One of the world’s first motorcycles from 1899 goes on auction
We have previously shown you in great documented detail about the great cars from yester years, which were aggressively sought after by collectors and fans alike. A similar wave of affection also seems to exist for 2-wheelers as well, whereby the earliest renditions garner attention from collectors of these vehicles who have a soft corner for the nostalgia and history they bring along. Our past writings on such events include the vintage BMW bike sale, and also the 1894 Roper Steam Motorcycle which changed hands in Las Vegas in 2011. Now an 1899 Motor-Wheel with Singer Bicycle frame is up for auction through Bonhams, and is expected to fetch $34,154 (£21,000).
Like most vintage autos, one perhaps ought to not compare the engine performance with those fitted with the modern engines of today.
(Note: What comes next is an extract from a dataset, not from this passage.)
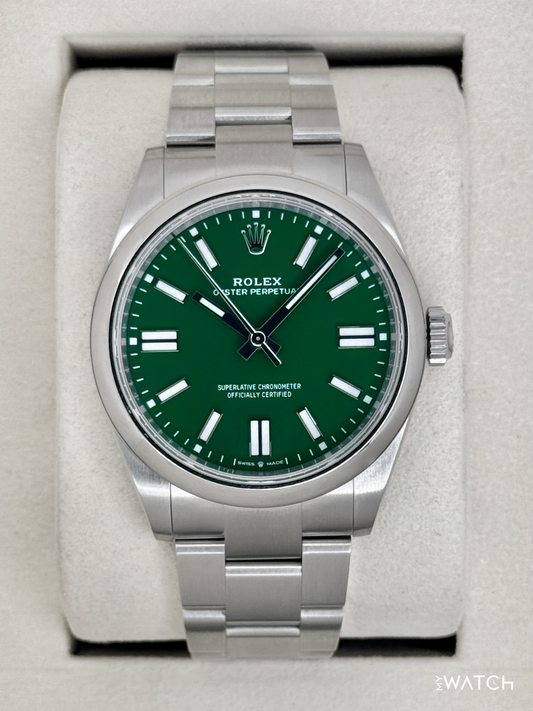 Relógio Oyster Perpetual verde com mostrador verde e pulseira de aço, 36 mm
This 4-stroke motorcycle has a maximum speed of barely above what brisk walking would be, and the fuel tank can hold for it to travel a distance of 50 miles at a go. Also the rough terrain of the roads would be felt on this machine, as the shock absorbers seen in most bikes today, are absent on this one. But then, way back in 1899, not even the premium cars had them, and this was more than just a normal cycle.
When this bike was being created by the pair of Edward Perks and Harold Birch, they showed their keen acumen in designing, by including some subtle modifications to the construction of the frame. The engine for example, was placed within the confines of the rear wheel, which made more comfortable for the occupant to travel on this bike. The central frame only has the green and gold worked fuel tank, which is connected to the engine through a couple of thin pipes.
As per its ownership history goes, one can find evidence of its being registered in 1927, by Dan Bradbury, after which it had changed hands a few times. Eventually in 1999, the restoration work was done, including the chains, wheels, and frame and also the paintwork. However, since the front mud-guard was missing, it hasn’t been replaced in this case.